§ **SOURCE MATERIAL**
########

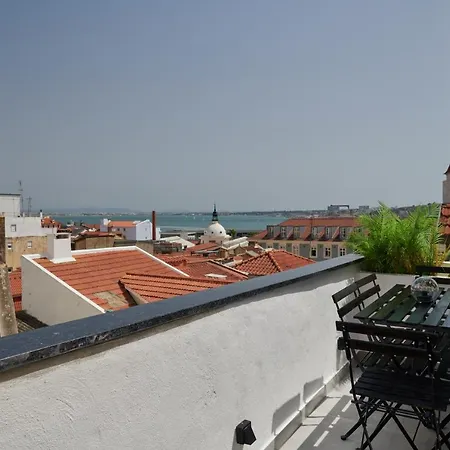 Terrace&shower River View. * Lisboa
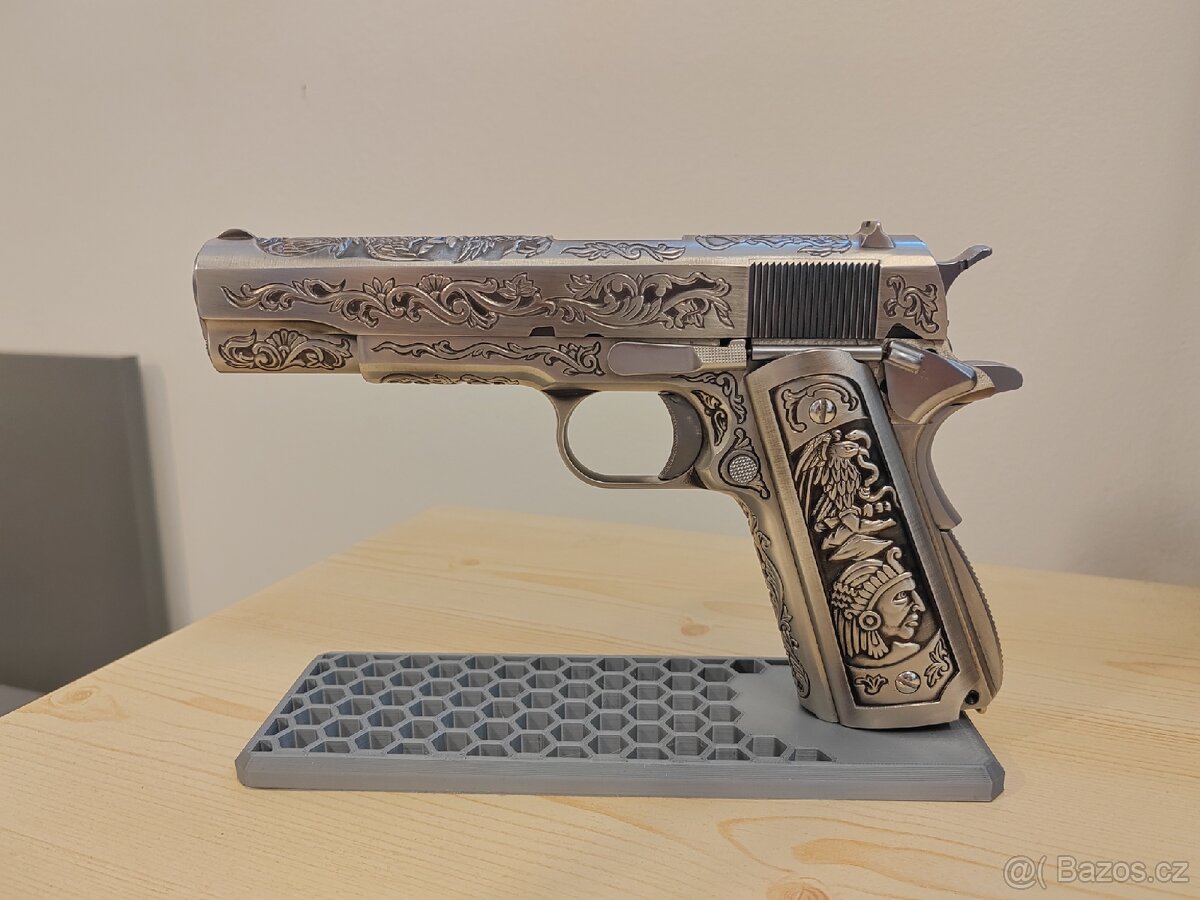 M1911 Zdobená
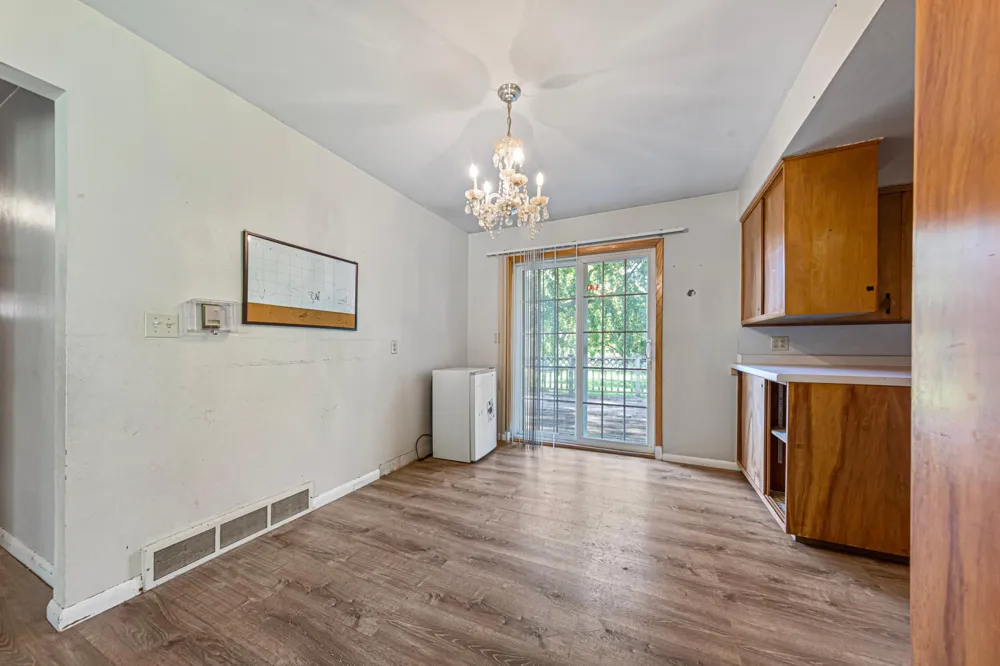 366 Waterville Avenue Le Center, MN 56057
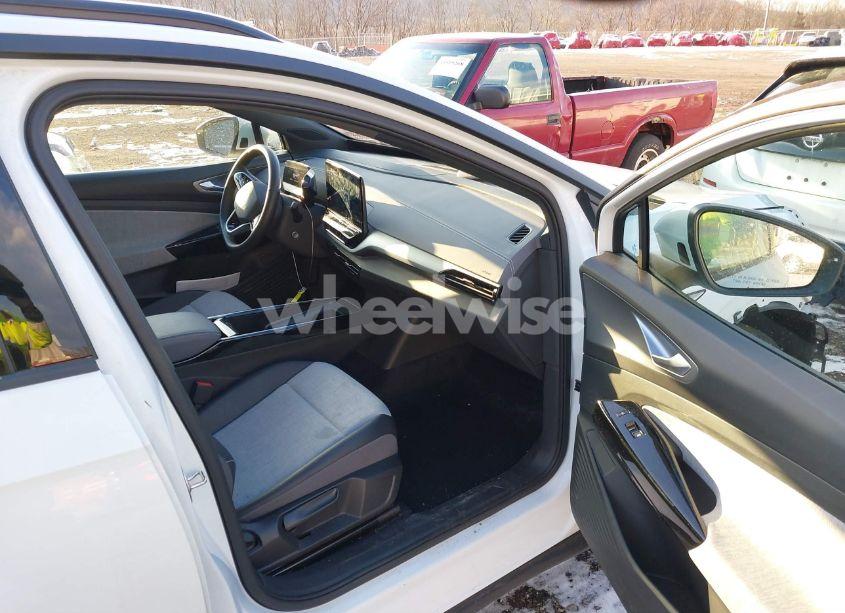 Photo 5 of 2023 Volkswagen Id.4 PRO (VIN 1V2CMPE8XPC016903)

########

When you copy the data above, keep each line exact and omit the pictures.

 Terrace&shower River View. * Lisboa
 M1911 Zdobená
 366 Waterville Avenue Le Center, MN 56057
 Photo 5 of 2023 Volkswagen Id.4 PRO (VIN 1V2CMPE8XPC016903)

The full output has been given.